The sphingomyelinase (SMase) pathway is a catabolic pathway involving the degra- The sphingomyelinase (SMase) pathway is a catabolic pathway involving the degradation of sphingomyelin (SM) by the action of sphingomyelinases at the plasma membrane of cells, thereby generating Cer and phosphocholine. Cer formation through this pathway is considerably rapid compared to Cer synthesized de novo. Three major types of SMase exist, and these have been defined according to their optimal pH. These include lysosomal and plasma membrane acid SMase (aSMase), endoplasmic reticulum/nucleus and plasma membrane neutral SMase (nSMase) and alkaline SMase (alk-SMase), the latter being present in the intestinal track and human bile [36, 37] . aSMase and nSMase are involved in cell signaling processes, whereas alkaline SMase participates in the digestion of SM incorporated in the diet. Of note, some pro-inflammatory cytokines, such as tumor necrosis factor α (TNF-α) or interleukin-1β (IL-1β), stimulate SMase activity to increase Cer concentration in cells [38] [39] [40] . Furthermore, both aSMase and nSMase activities can be stimulated by some anticancer drugs as part of their mechanism of action and by irradiation of cells with ultraviolet (UV) or ionizing radiation [41] .

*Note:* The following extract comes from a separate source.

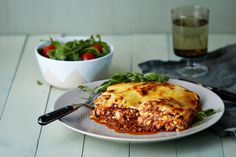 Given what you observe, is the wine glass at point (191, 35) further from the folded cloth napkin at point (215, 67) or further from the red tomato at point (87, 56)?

The salvage pathway is also a catabolic pathway. It involves the degradation of complex sphingolipids in acidic compartments, such as lysosomes, through a series of enzymatic reactions that give rise to Cer. The last step comprises the conversion of glucosylceramide by acid β-glucosidase 1 (β-GCase) to Cer. Dysfunction or deficiency of this enzyme leads to the development of lysosomal storage diseases (LSDs) [20] .

The Cer is then transported to the cytosol, where ceramide synthases (CerS), which are located in the ER, catalyze the incorporation of acyl-CoAs to form Cer [42] . To date, six different CerS have been described, and these are encoded by six different genes. These enzymes vary in their levels of expression, cell type and their affinity for hydrocarbon chains of different lengths [43] . CerS enzymes have been implicated in different pathologies, chemotherapy resistance and oxidative stress [44] [45] [46] [47] [48] . Therefore, CerSs are enzymes also under study for therapeutic use [19] . There are different described enzymes, such as alkaline ceramidases (encoded by ACER1, ACER2 and ACER3), acidic ceramidase (encoded by ASAH1) and neutral ceramidase (encoded by ASAH2) [49] [50] [51] [52] . ASAH1 is ubiquitously located in lysosomal compartments, while ASAH2 is expressed in plasma membranes and mainly in the small intestine and colon [49] .

One of the most important aspects in cell homeostasis is the balance between the species of Cer, C1P and S1P, which will determine cell fate. In addition to the above pathways, Cer can be interconverted into C1P or S1P by different enzymatic activities.

Sphingosine Kinase (SphK)/S1P phosphatase. A relevant aspect of Sph metabolism is that it can be phosphorylated by sphingosine kinases to form S1P, which is bioactive and can control many physiologic and pathologic processes. Dephosphorylation of S1P to Sph is carried out by specific S1P phosphatases (SPP) or by lipid phosphate phosphatase (LPP) activity (reviewed by Gangoiti et al. [3] ), whereas complete breakdown to non-sphingolipid moieties (hexadecenal and phosphoethanolamine) is catalyzed by S1P lyase [53] .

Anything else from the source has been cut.